日本のアニメや漫画は日本だけではなく世界中で人気となっており、日本文化の代表と思われることもあるのです。
しかし、海外にもアニメや漫画はあるのに、なぜ日本のアニメや漫画が世界中で人気となっているのでしょうか?
日本のアニメ・漫画が海外で流行る理由について、解説します。
なぜ日本のアニメや漫画は海外で人気なの?
日本においてアニメや漫画は長い歴史があり、初めてのアニメは100年以上前、大正時代の1917年に制作された短編アニメーション映画が初だといわれているのです。

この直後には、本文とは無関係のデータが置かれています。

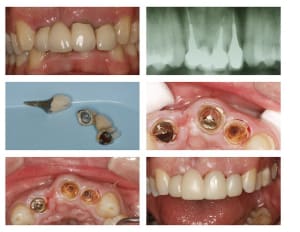 Montage 12 22 small cpdtai - Eugenol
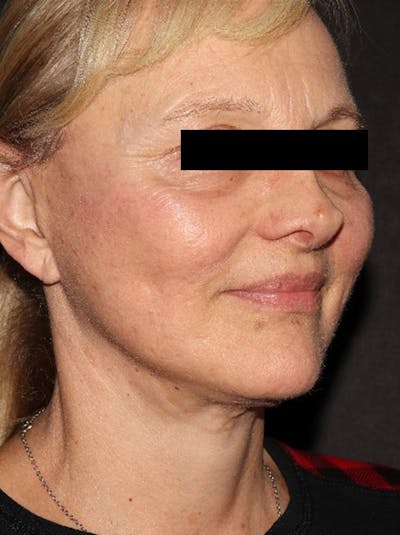 Facelift Before & After Gallery - Patient 376602 - Image 4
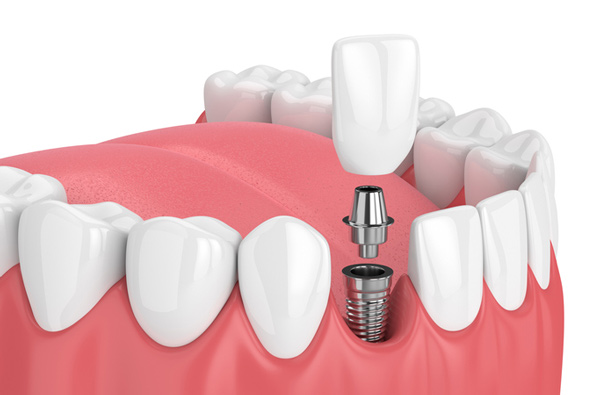 Rendering of jaw with dental implant at Jillian Prather Family Dentistry in Owasso, OK
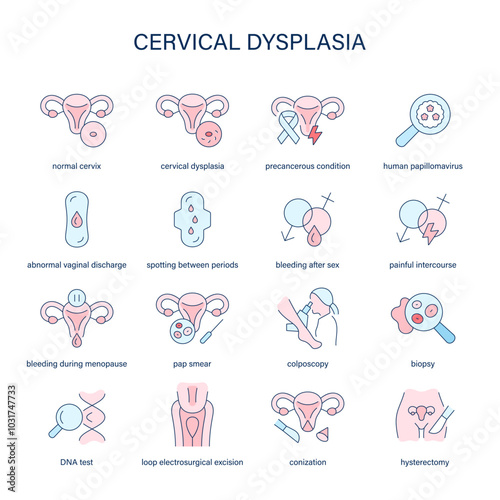 Cervical Dysplasia symptoms, diagnostic and treatment vector icons. Medical icons.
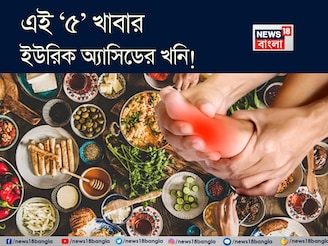 এই ‘৫’ খাবারও ইউরিক অ্যাসিডের খনি! খেলে শরীরে জমবে বিষাক্ত নোংরা! গাঁটে গাঁটে তীব্র ব্যথা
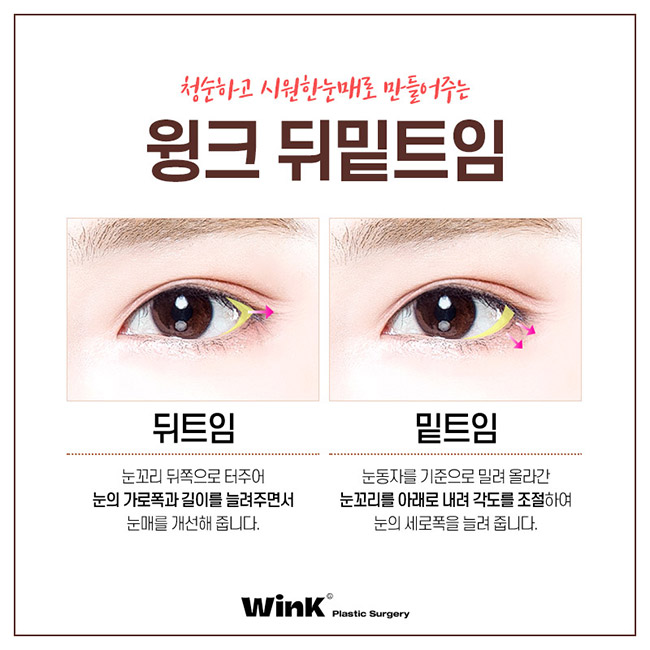 Wink canthoplasty and lower canthoplasty to overcome a cramped-looking eye shape! image 5
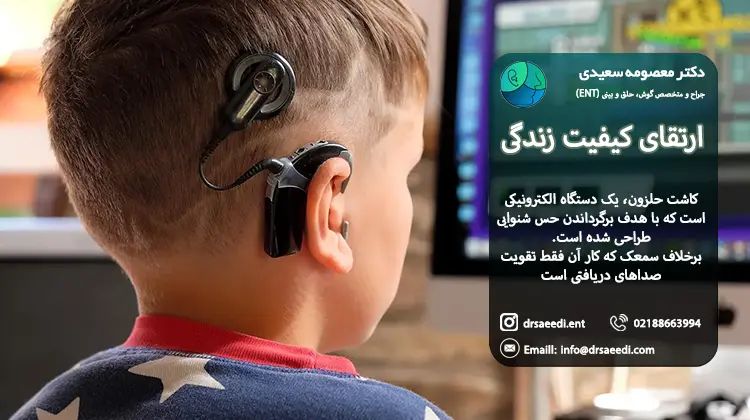 کاشت حلزون و افزایش کیفیت زندگی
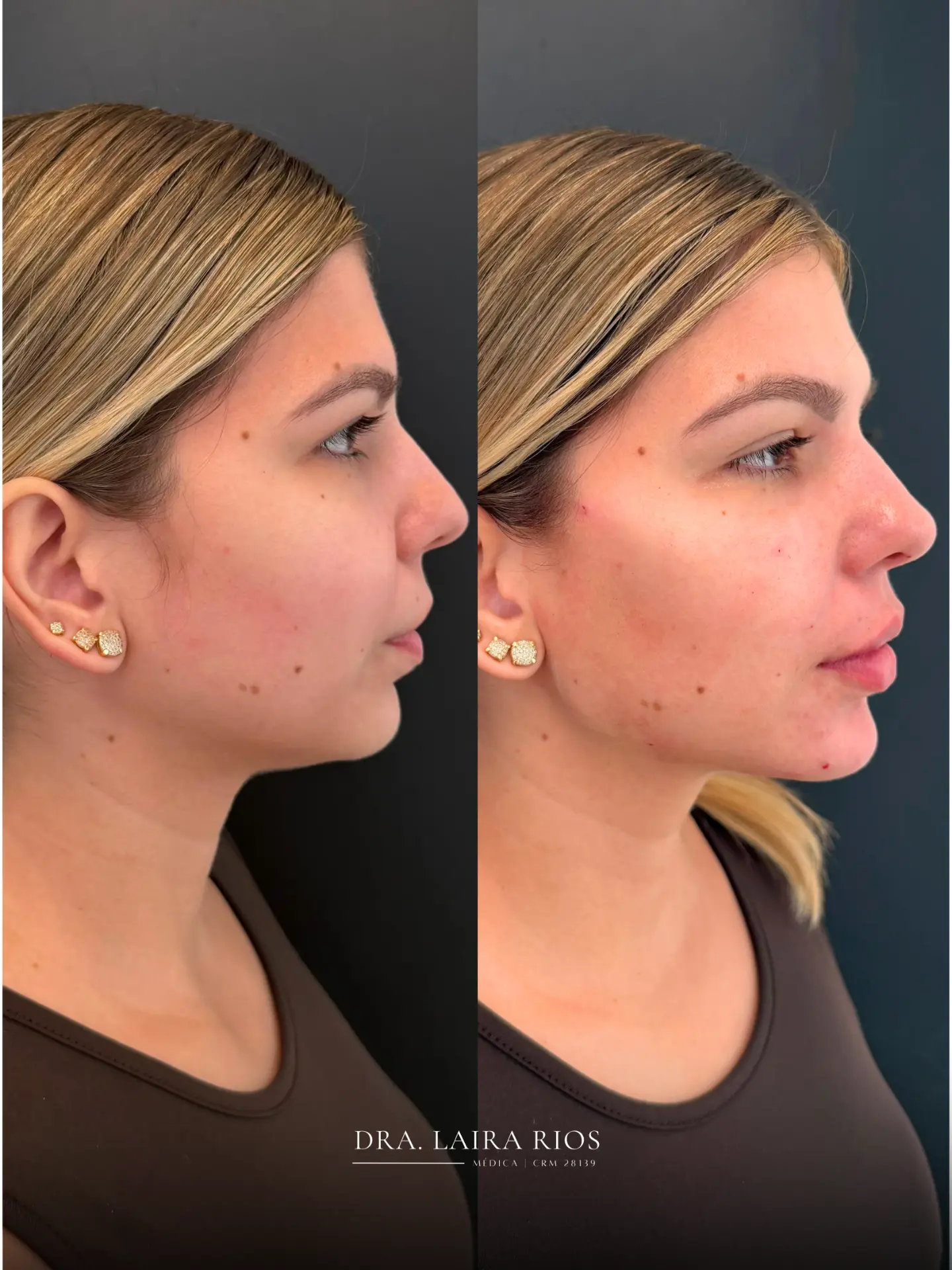 Antes e depois — Equilíbrio de perfil e mento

漫画に至っては、平安時代末期に鳥獣戯画という動物を擬人化した絵巻物が存在しており、最古の漫画として知られています。
本格的に漫画やアニメが日本で盛んに作られてきたのは戦後の高度経済成長期で、鉄腕アトムやあしたのジョー、巨人の星などの名作が生まれてきたのです。
海外から注目されるようになったのは1980年代以降で、スタジオジブリの作品をはじめ美少女戦士セーラームーン、そして今も続く名探偵コナンなどが生み出されました。
各国でアニメ、漫画の作品を制作している中で、なぜ世界中で日本のアニメや漫画が人気となっているのでしょうか?
理由としてまず作品のクオリティーの高さがあり、海外の漫画やアニメと比較して絵やストーリーだけではなく、BGMなどのクオリティーも非常に高いと評価されています。
日本のアニメは背景まで細かく描き高い完成度を誇っているのですが、背景にはアニメーターの技術力の高さや作品に対する情熱などがあるのです。
また、日本の漫画やアニメのジャンルが非常に幅広いというのも理由の1つで、日本の作品には学園、スポーツ、バトル、アクション、ミステリー、SFなどがあります。
あらゆるジャンルがあるため、自分の好きなジャンルの作品を選ぶことができ、新たなジャンルにもチャレンジできるというのが魅力となっているのです。
ジャンルの広さから大人も楽しめる作品が多いというのも理由で、アメリカのディズニー映画やシンプソンズのような子ども向けの作品だけというわけではありません。
子ども向けの作品も多いのですが、大人向けの作品も数多く存在しているため世代を問わず楽しむことができるのです。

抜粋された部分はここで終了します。